„Unterschreib es endlich, du dumme Alte! Dieses Haus gehört jetzt mir!“, schrie Ana. Ihr sonst so makelloses Gesicht war von animalischer Wut verzerrt. Ihre langen Nägel gruben sich in den Arm der alten Frau.
Doña Elena weinte leise, ein Schluchzen, das mir das Herz brach. Ihre vom Alter getrübten Augen suchten nach einem Ausweg, den es nicht gab. „Ana, bitte … das ist mein Zuhause, das Zuhause meines Bruders … wenn ich das unterschreibe, setzt du mich auf die Straße“, flehte sie mit zitternder Stimme.
Anas Antwort war das Grausamste, was ich je gehört habe. Sie beugte sich dicht an das Ohr der alten Frau und sprach mit eiskalter Stimme, die mir einen Schauer über den Rücken jagte, eine direkte Drohung aus.
—„Wenn du jetzt nicht unterschreibst, werde ich deine Medikamente verstecken, damit du endlich stirbst und ich deine Anwesenheit in diesem Haus nicht länger dulden muss.

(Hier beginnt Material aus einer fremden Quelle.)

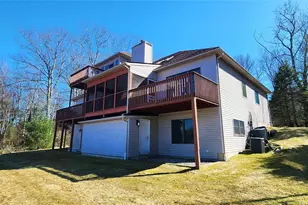 9 Surrey St, Rock Hill, NY 12775 - Photo 2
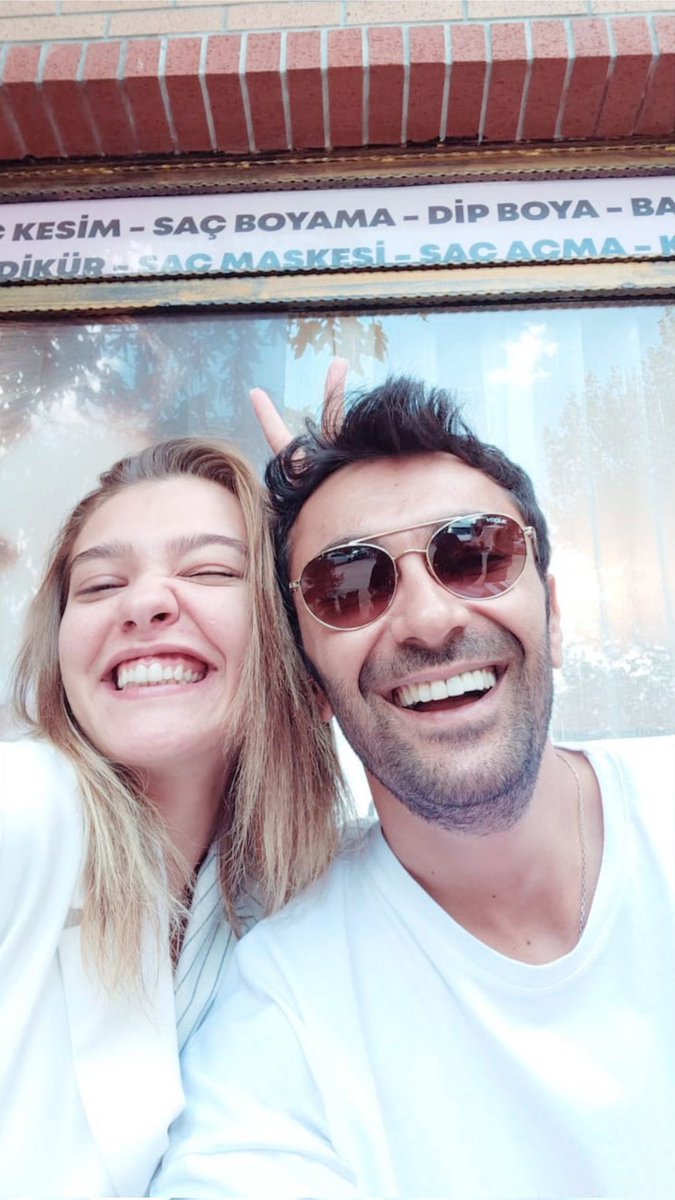 #MehmetKorhanFırat ile Melisa Döngel setten selfie🤍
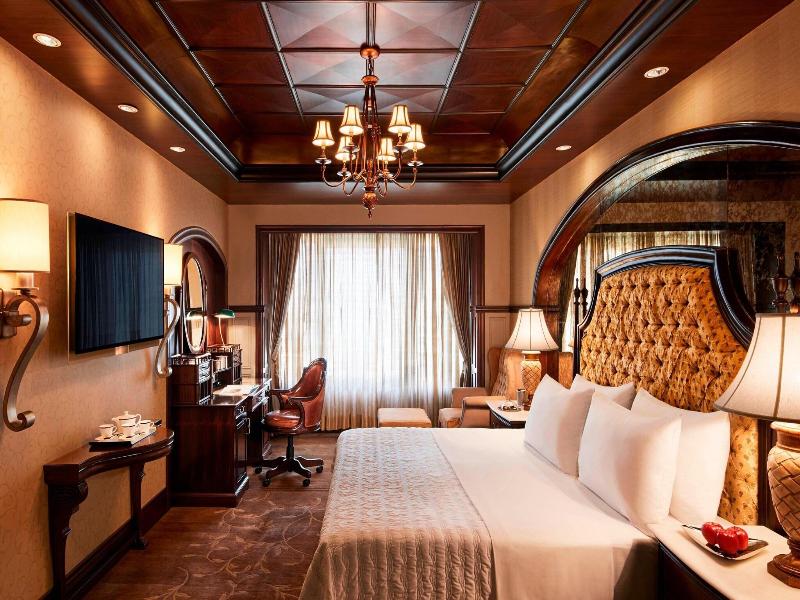 Le Meridien New Delhi image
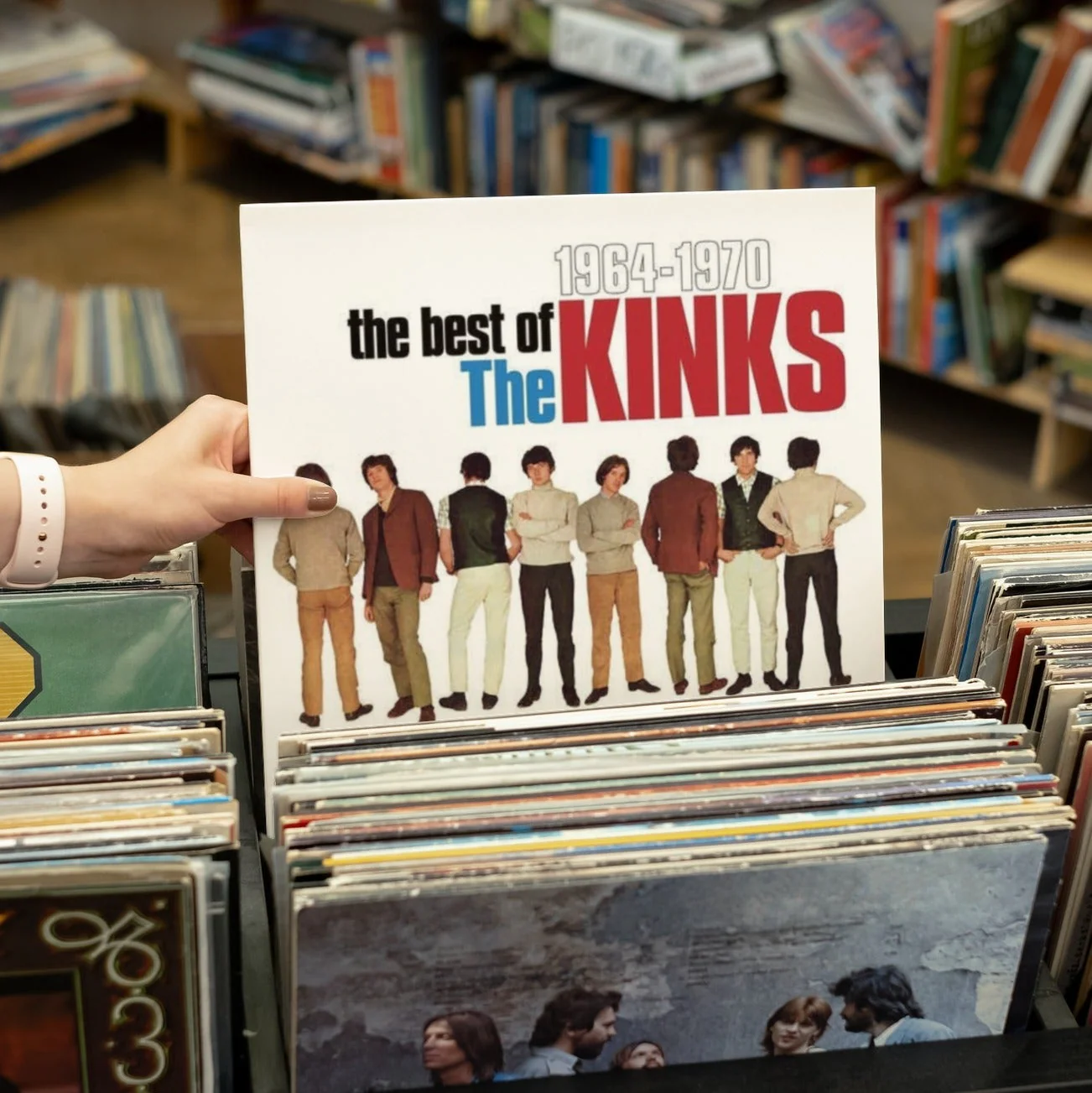 The Kinks - The Best Of The Kinks 1964-1970 - Vinyl LP Record - Image 2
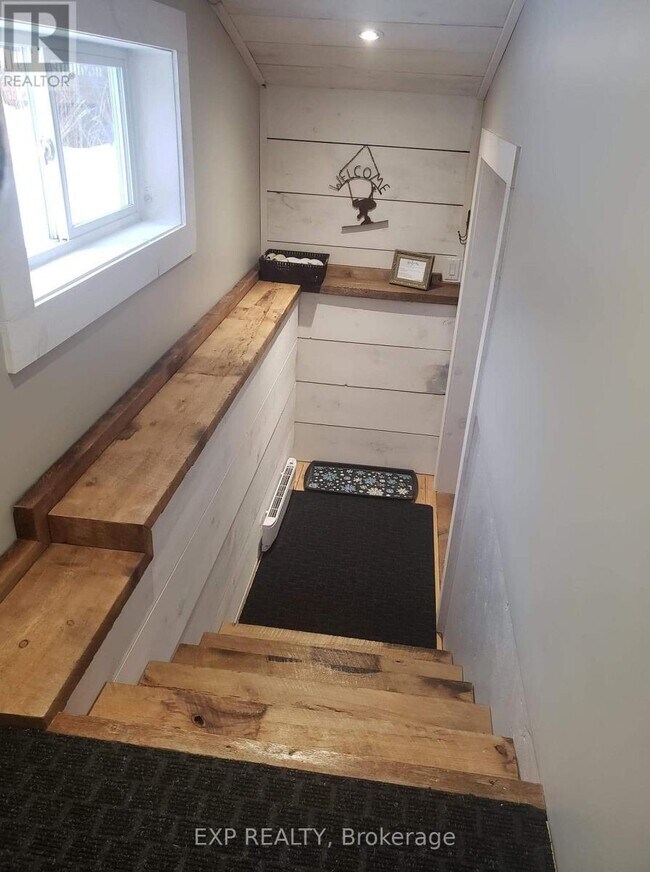 Photo - 50 Trott Blvd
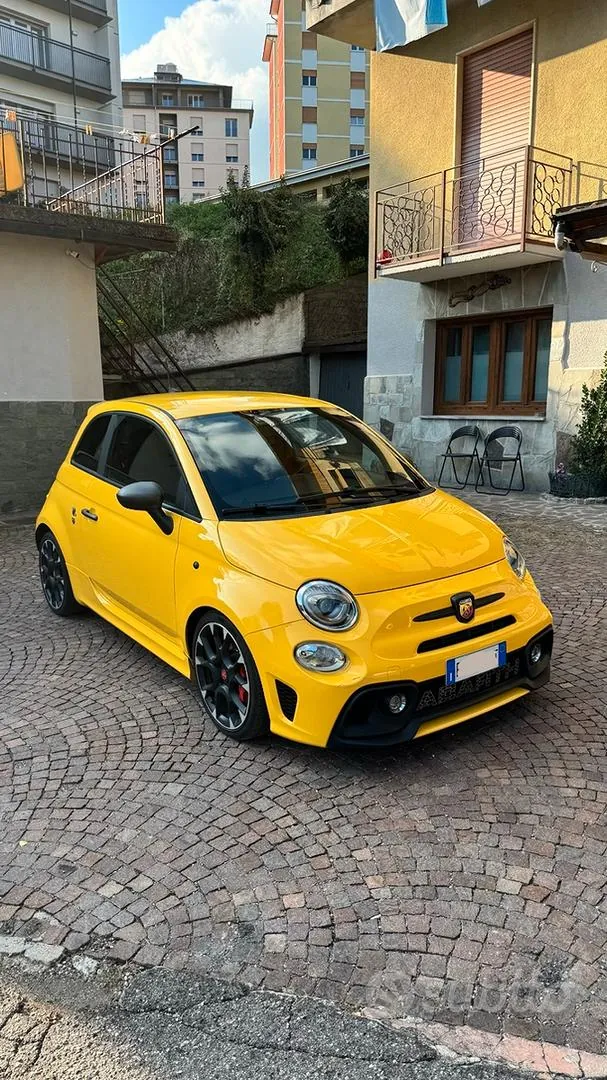 Abarth 500 2018 photo 2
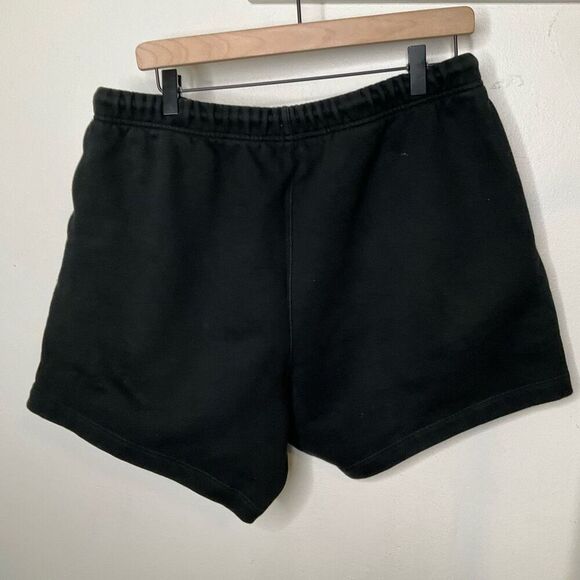 Fear of God Essentials Sweat Shorts - Picture 3 of 9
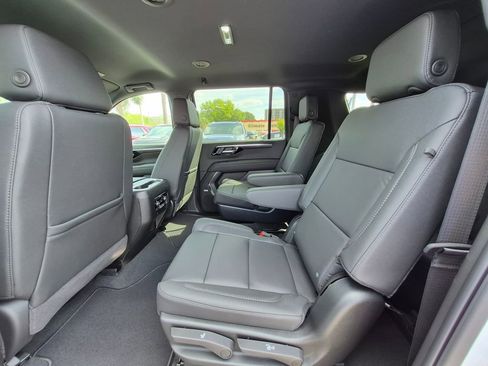 New 2026 Chevrolet Suburban LT w/ Comfort Package AWD/4WD image 14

In diesem Moment wurde mir klar, dass ich nicht länger tatenlos zusehen konnte. Ich zog mein Handy aus der Schürzentasche. Meine Hände zitterten, aber ich schaffte es, die Kamera einzuschalten. Ich wusste, dass mein Leben und mein Job in dieser Sekunde vorbei wären, sollte ich entdeckt werden, doch die Gerechtigkeit war mir wichtiger als meine Angst.